YOUR TASK
Transcribe the data exactly, stopping after the "Woman stretching on" line.

##############################

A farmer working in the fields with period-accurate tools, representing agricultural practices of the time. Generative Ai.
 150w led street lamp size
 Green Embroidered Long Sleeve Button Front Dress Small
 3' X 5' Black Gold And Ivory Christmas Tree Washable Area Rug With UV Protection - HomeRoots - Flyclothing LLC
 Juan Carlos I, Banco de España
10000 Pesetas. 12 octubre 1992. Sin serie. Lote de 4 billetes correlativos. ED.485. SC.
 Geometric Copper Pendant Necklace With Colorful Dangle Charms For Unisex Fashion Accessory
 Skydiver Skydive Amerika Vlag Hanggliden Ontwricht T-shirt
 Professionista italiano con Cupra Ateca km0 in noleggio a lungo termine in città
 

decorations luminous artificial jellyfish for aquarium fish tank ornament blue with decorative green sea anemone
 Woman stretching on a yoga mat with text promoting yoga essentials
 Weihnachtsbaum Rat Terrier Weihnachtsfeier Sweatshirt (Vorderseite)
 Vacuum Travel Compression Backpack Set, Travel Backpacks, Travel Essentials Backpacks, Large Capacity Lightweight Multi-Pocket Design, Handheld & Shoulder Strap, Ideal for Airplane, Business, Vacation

##############################

RESPONSE BELOW
A farmer working in the fields with period-accurate tools, representing agricultural practices of the time. Generative Ai.
 150w led street lamp size
 Green Embroidered Long Sleeve Button Front Dress Small
 3' X 5' Black Gold And Ivory Christmas Tree Washable Area Rug With UV Protection - HomeRoots - Flyclothing LLC
 Juan Carlos I, Banco de España
10000 Pesetas. 12 octubre 1992. Sin serie. Lote de 4 billetes correlativos. ED.485. SC.
 Geometric Copper Pendant Necklace With Colorful Dangle Charms For Unisex Fashion Accessory
 Skydiver Skydive Amerika Vlag Hanggliden Ontwricht T-shirt
 Professionista italiano con Cupra Ateca km0 in noleggio a lungo termine in città
 

decorations luminous artificial jellyfish for aquarium fish tank ornament blue with decorative green sea anemone
 Woman stretching on a yoga mat with text promoting yoga essentials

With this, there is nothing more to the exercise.